SAN DIEGO (FRONTLINE MEDICAL NEWS)Routine genetic testing for maturity-onset diabetes of the young has become compellingly cost effective in selected populations of diabetic patients, Dr. Siri Atma W. Greeley asserted at the annual meeting of the Pediatric Academic Societies.

“We’re not quite at the point of saying test everyone with diabetes for monogenic causes, but as the cost of genetic testing goes down that could actually happen,” said Dr. Greeley, a pediatric endocrinologist at the University of Chicago.

Today, however, the genetic testing is greatly underutilized and the insurance industry remains balky about providing coverage. That’s starting to change, though, as Dr. Greeley and other MODY experts meet with insurers and explain the dollars-and-cents benefits. Encouragingly, Aetna has led the way forward by publishing its rules for coverage of MODY genetic testing in 2015.

Dr. Greeley was coauthor of a study that evaluated the cost-effectiveness of testing for mutations in three genes responsible for more than 90% of cases of MODY with a known cause. The study, led by his University of Chicago colleague Dr. Rochelle N. Naylor, involved a hypothetical cohort of 25- to 40-year-olds presumed to have type 2 diabetes. Various studies indicate that roughly 2% of such patients actually turn out to have MODY. The question asked by the researchers was, is it cost effective to find them?

With a 2% MODY prevalence, the answer turned out to be no. However, if the population undergoing genetic testing could be enriched through application of clinical criteria associated with increased risk of MODY, then testing does become cost effective even when it identifies a case only 6% of the time. Under that scenario, at a genetic testing cost of $2,580, the incremental cost-effectiveness ratio is $50,000 per additional quality-adjusted life year, which meets the definition of cost-effectiveness widely accepted by health policy makers.

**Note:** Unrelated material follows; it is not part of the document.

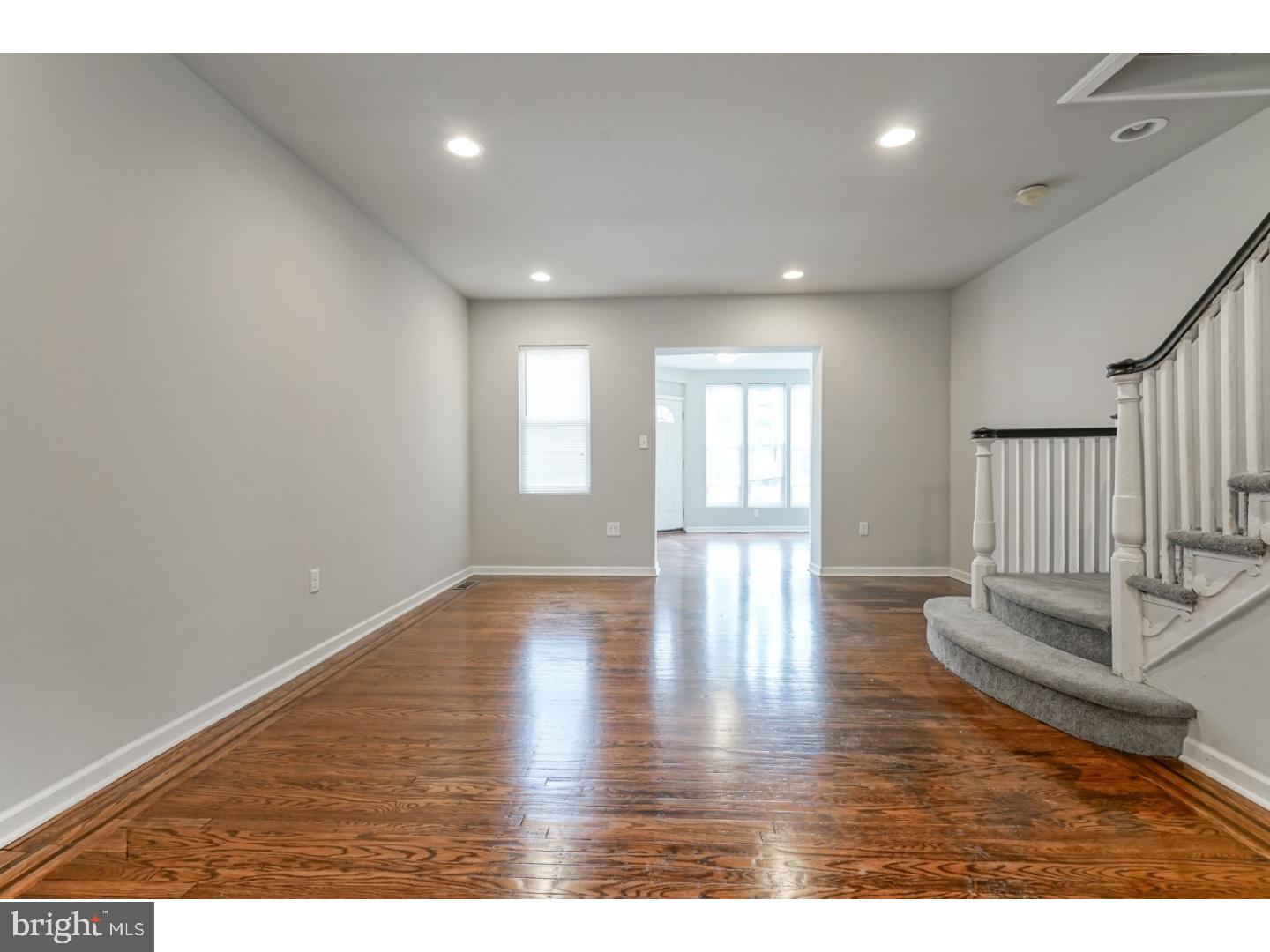 WYNNEFIELD - Residential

The improvement in quality-adjusted life years is achieved in the case of MODY on the basis of reduced lifetime costs of treatment and complications because one relatively common type of MODY known as glucokinase MODY, or MODY 2, requires no treatment and has essentially no vascular complications, while other common forms of MODY generally respond well to low-dose sulfonylureas rather than more elaborate insulin regimens.

The analysis also concluded that routine testing in a population with a 2% prevalence of MODY would become cost effective if the price tag for testing decreased to $700, as seems highly plausible with further advances in sequencing. And if the MODY prevalence is 31%, a policy of routine genetic testing for MODY actually becomes cost saving rather than just cost effective ( Diabetes Care 2014;37:202-9 ).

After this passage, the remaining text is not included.